Cette proposition de loi entend ainsi « tirer les conséquences de la jurisprudence constitutionnelle », toujours selon le même rapport, en réduisant la condition de résidence sur le territoire à deux ans au lieu de cinq, et en la supprimant pour les réfugiés, les apatrides, les étrangers en activité professionnelle ou bénéficiant d’un titre de séjour pour études dans le cas des APL. La gauche a déposé deux motions de rejet ainsi que des amendements de suppression de tous les articles de la proposition de loi, au nom « des graves atteintes aux libertés publiques qu’elle porte, et notamment aux droits et libertés que la Constitution garantit », selon les mots de la motion socialiste. Même si le texte était adopté par le Sénat, il devrait être adopté dans les mêmes termes par l’Assemblée nationale pour s’appliquer.
De 90 à 210 voire 380 jours de rétention administrative pour les étrangers en situation irrégulière ?
Sur la question de l’allongement de la rétention des étrangers en situation irrégulière également, la droite cherche la bonne formule pour échapper à la censure du Conseil constitutionnel. Cette mesure ne faisait pas partie du projet de loi Immigration, mais la proposition de loi portée notamment par Jacqueline Eustache-Brinio (LR) se frotte aussi à l’encadrement du régime juridique de rétention administrative des étrangers. Afin de s’attaquer aux « difficultés relevées dans la mise en œuvre des prolongations de la rétention administrative de droit commun », la proposition de loi tente d’harmoniser les différentes périodes de prolongation de ces délais.
Le but de la manœuvre est d’étendre le régime actuellement en vigueur pour les étrangers condamnés au titre d’activité terroristes aux étrangers condamnés pour faits graves, soit de 180 à 210 jours de rétention administrative potentiels, au lieu de 90 jours. En commission, le Sénat a précisé le dispositif. Seraient concernés les étrangers en situation irrégulière condamnés à une peine d’interdiction de territoire français, à une peine dépassant cinq ans d’emprisonnement ou dont le comportement « constitue une menace d’une particulière gravité pour l’ordre public. »

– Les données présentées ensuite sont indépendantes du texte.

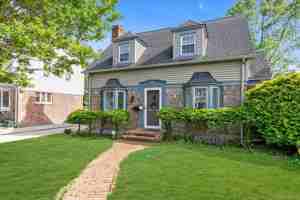 featured image of 26 Latimer Ct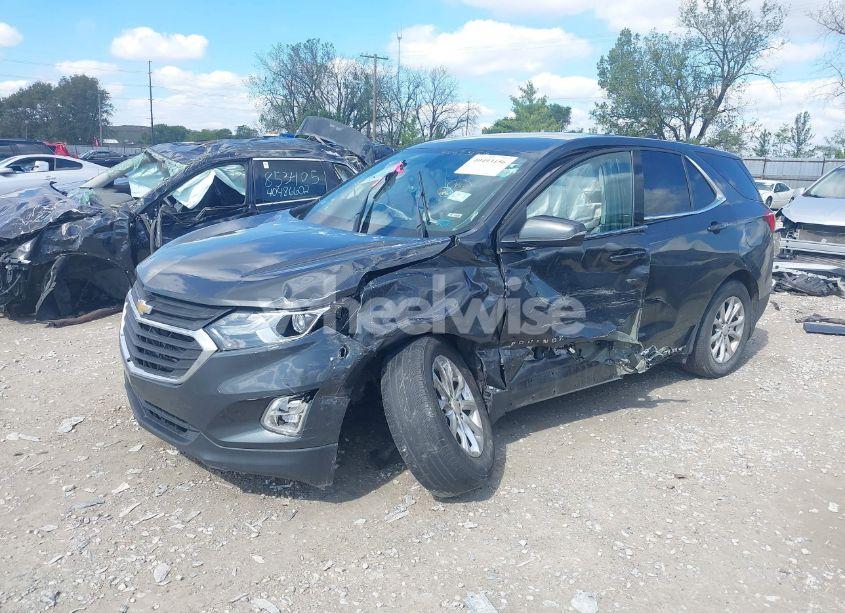 Photo 2 of 2018 Chevrolet Equinox LT (VIN 2GNAXSEV7J6259780)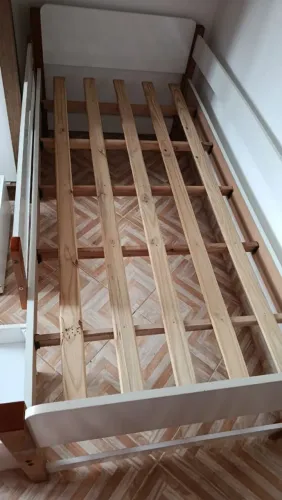 Cama infantil com escadinha e caixotes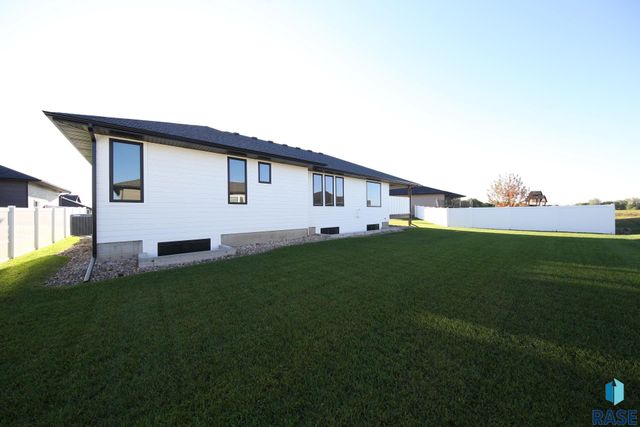 725 S Granite Cir Circle, Tea, SD 57064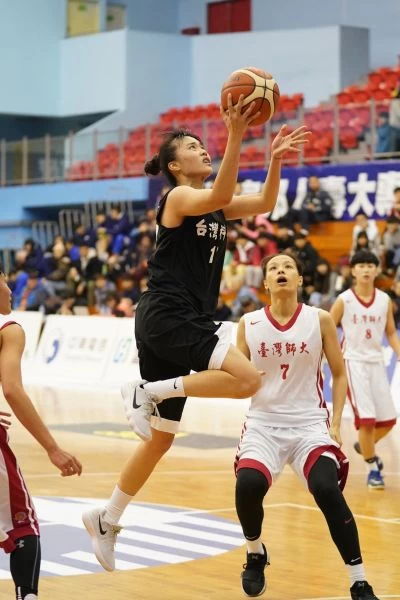 台灣科大劉威成上籃。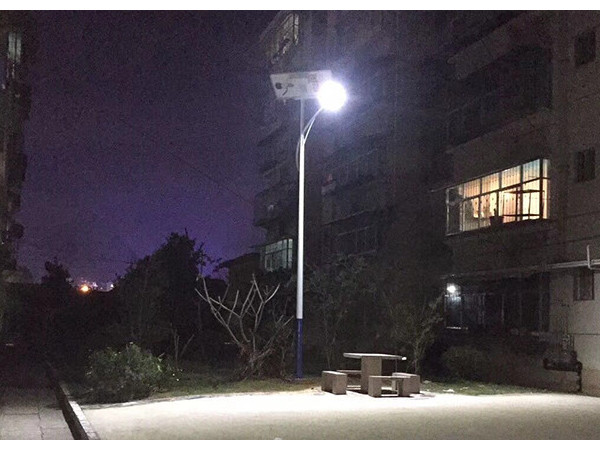 正翔照明太陽(yáng)能路燈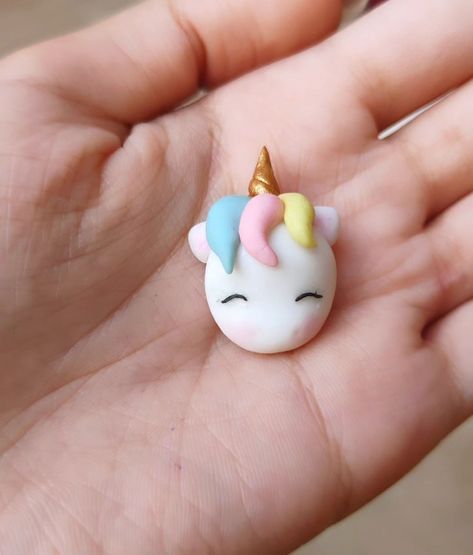 Clay Unicorn Tutorial, Clay Unicorn Diy, Cute Clay Models, Light Clay Ideas, Mini Clay Art Easy, Diy Clouds Ceiling, Cute Clay Creations, Clouds Ceiling, Clay Doh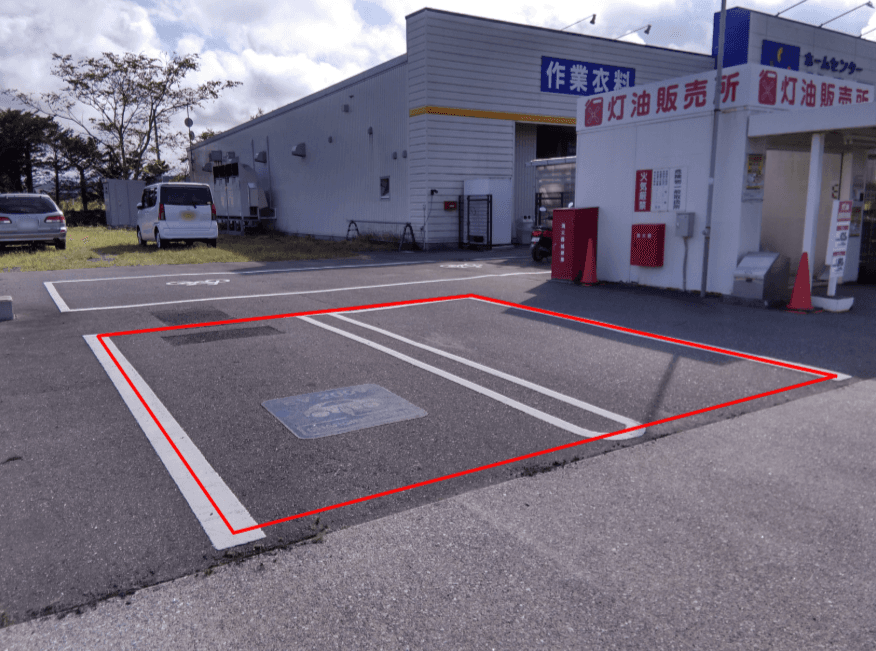 屋外駐車場 キッチンカーの出店に最適なホームセンター内駐車場の屋外イベントスペース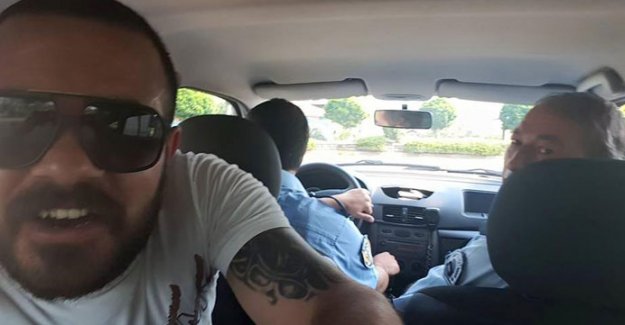 Gözaltına giderken selfie çekti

Là aussi la gauche a déposé deux motions de rejet et des amendements de suppression des articles, la motion écologiste relevant notamment que « l’appel d’air » auquel est censée répondre la proposition de loi « [relevait] du mythe ». Le sénateur RN Christopher Szczurek a de son côté déposé des amendements alourdissant le dispositif, en proposant de rabaisser à trois ans le seuil de la peine permettant d’allonger les délais de rétention (au lieu de cinq), et d’augmenter la durée de rétention maximale pour les « cas exceptionnels » à 380 jours. Précurseur de ces deux textes, l’ancien président du groupe LR au Sénat, Bruno Retailleau a estimé qu’il fallait « aller au-delà » de la version du texte examiné au Sénat, « donc au maximum, c’est-à-dire 18 mois [soit 540 jours] », a précisé le ministre de l’Intérieur.
De même que pour la proposition de loi précédente, son adoption au Sénat ne signifiera une entrée en vigueur des mesures que si la proposition de loi est mise à l’agenda de l’Assemblée nationale et adoptée dans les mêmes termes, ou bien si un accord est trouvé en commission mixte paritaire, dans le cas où le gouvernement déciderait de la convoquer.